Stored dataset items
- - - - - - -

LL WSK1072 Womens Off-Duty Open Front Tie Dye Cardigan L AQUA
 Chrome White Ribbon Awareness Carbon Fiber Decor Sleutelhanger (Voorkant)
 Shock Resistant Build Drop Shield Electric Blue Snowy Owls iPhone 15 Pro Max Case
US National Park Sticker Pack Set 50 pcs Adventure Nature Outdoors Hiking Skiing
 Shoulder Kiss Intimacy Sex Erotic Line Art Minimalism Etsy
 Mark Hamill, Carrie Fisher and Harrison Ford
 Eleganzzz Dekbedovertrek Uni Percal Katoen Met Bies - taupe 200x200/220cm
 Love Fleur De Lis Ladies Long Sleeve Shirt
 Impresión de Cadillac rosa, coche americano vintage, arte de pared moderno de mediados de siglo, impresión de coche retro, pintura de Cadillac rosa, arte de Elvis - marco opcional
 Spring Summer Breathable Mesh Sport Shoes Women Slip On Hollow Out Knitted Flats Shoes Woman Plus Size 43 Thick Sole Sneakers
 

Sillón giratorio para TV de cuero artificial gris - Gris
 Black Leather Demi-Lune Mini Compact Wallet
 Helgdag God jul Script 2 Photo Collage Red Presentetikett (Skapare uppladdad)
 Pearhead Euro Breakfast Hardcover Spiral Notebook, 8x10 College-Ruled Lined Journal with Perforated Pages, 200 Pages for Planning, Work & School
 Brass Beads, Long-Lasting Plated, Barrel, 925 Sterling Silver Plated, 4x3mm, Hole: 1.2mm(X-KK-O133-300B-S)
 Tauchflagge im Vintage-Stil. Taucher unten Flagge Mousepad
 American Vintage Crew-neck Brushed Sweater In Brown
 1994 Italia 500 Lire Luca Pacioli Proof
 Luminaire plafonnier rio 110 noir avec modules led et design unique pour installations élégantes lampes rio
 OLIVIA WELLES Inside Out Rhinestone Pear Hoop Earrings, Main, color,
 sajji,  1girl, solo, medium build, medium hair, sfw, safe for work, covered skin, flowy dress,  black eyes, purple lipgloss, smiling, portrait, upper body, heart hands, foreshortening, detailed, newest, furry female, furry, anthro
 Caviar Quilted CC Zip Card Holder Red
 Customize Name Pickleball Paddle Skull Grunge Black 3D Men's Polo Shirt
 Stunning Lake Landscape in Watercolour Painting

- - - - - - -

## Exercise description
The lines above from the one containing "US National Park" through the one containing "American Vintage Crew-neck" are to be set down exactly, and no others.

## Solution below
US National Park Sticker Pack Set 50 pcs Adventure Nature Outdoors Hiking Skiing
 Shoulder Kiss Intimacy Sex Erotic Line Art Minimalism Etsy
 Mark Hamill, Carrie Fisher and Harrison Ford
 Eleganzzz Dekbedovertrek Uni Percal Katoen Met Bies - taupe 200x200/220cm
 Love Fleur De Lis Ladies Long Sleeve Shirt
 Impresión de Cadillac rosa, coche americano vintage, arte de pared moderno de mediados de siglo, impresión de coche retro, pintura de Cadillac rosa, arte de Elvis - marco opcional
 Spring Summer Breathable Mesh Sport Shoes Women Slip On Hollow Out Knitted Flats Shoes Woman Plus Size 43 Thick Sole Sneakers
 

Sillón giratorio para TV de cuero artificial gris - Gris
 Black Leather Demi-Lune Mini Compact Wallet
 Helgdag God jul Script 2 Photo Collage Red Presentetikett (Skapare uppladdad)
 Pearhead Euro Breakfast Hardcover Spiral Notebook, 8x10 College-Ruled Lined Journal with Perforated Pages, 200 Pages for Planning, Work & School
 Brass Beads, Long-Lasting Plated, Barrel, 925 Sterling Silver Plated, 4x3mm, Hole: 1.2mm(X-KK-O133-300B-S)
 Tauchflagge im Vintage-Stil. Taucher unten Flagge Mousepad
 American Vintage Crew-neck Brushed Sweater In Brown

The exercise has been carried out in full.